In a way, I’m glad I came to it late. I was going to write about it after binging the first gripping, heart-pounding season but then I just ended up knocking back all three. It’s one of those shows you can’t stop watching, and I had a few later-than-advisable nights burning through episode after episode, needing to know how it would all shake out.

The story takes place in Halifax, an industrial town of about 88,000 in West Yorkshire, UK, just south of the much larger city, Leeds. It’s not the nicest town you’ll find in Great Britain, filled with tenement buildings, junkies, factories and crumbling buildings. But it has its charms, and the countryside around it is filled with rolling green hills.

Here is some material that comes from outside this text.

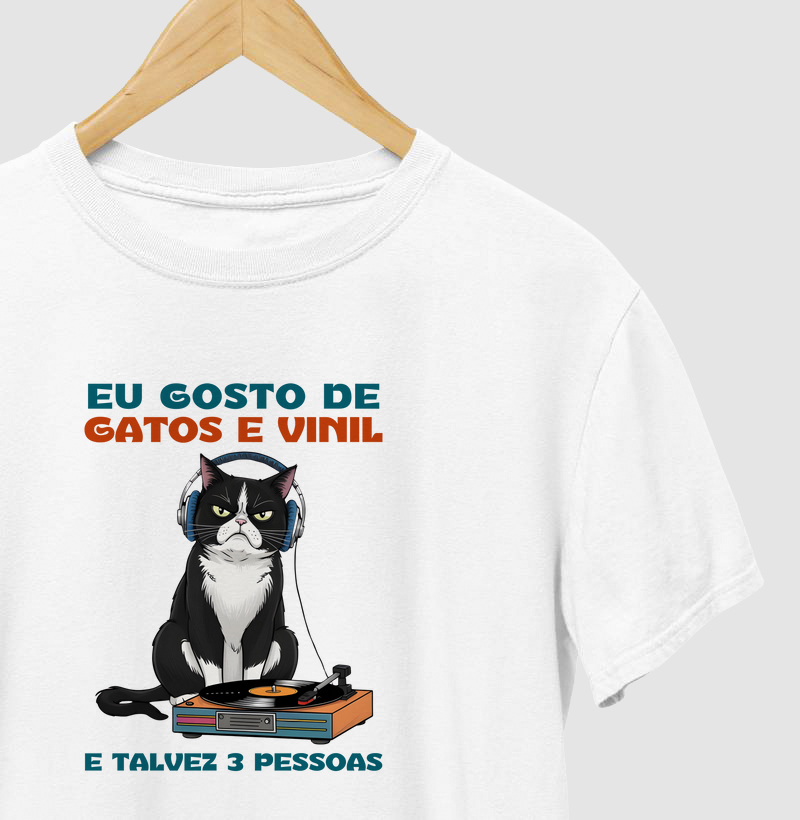 EU GOSTO DE GATOS E VINIL E TALVEZ 3 PESSOAS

At the center of the story is police sergeant Catherine Cawood, a middle-aged, tough-as-nails woman with a tragic backstory and an itch for revenge. She’s played by Sarah Lancashire who, I must say, gives one of the best performances of any actor I’ve seen on any television show in my entire life. I cannot properly express the sheer brilliance of Lancashire’s work on this show. Her range is extraordinary. Very few performances have captivated me like hers; she brought Cawood to life in a way that’s so raw and real and profound.

Cawood is a woman who is at once ruled by grief and driven by her devotion to her profession. She’s a good cop and a leader, and just anti-authoritarian enough to piss off her superiors (and just good enough at her job to make them look the other way). She reminds me, in some ways, of Kate Winslet’s Mare Sheehan in the tremendously amazing Mare Of Easttown. World-weary, no-nonsense, fierce. But she’s not a detective. She’s a uniform with a knack for solving crimes.

Very light spoilers follow.

Cawood’s grief comes from the loss of her daughter some years earlier. She has raised her daughter’s son, Ryan (Rhys Connah). Ryan’s father, Tommy Lee Royce (James Norton) turns out to be a very, very despicable human being. Royce is sort of like a more terrifying Ramsay Bolton (from Game Of Thrones) because he’s scary in a way that feels real and intimate rather than Ramsay’s almost cartoon villainy. James Norton is frighteningly good at portraying this psychopath, because somehow he can—at times—make you actually feel bad for him. Actually, he reminds me a little bit of the villain William Hamleigh from Pillars Of The Earth as well, with all his menace and grievance and narcissism, but with far more charisma.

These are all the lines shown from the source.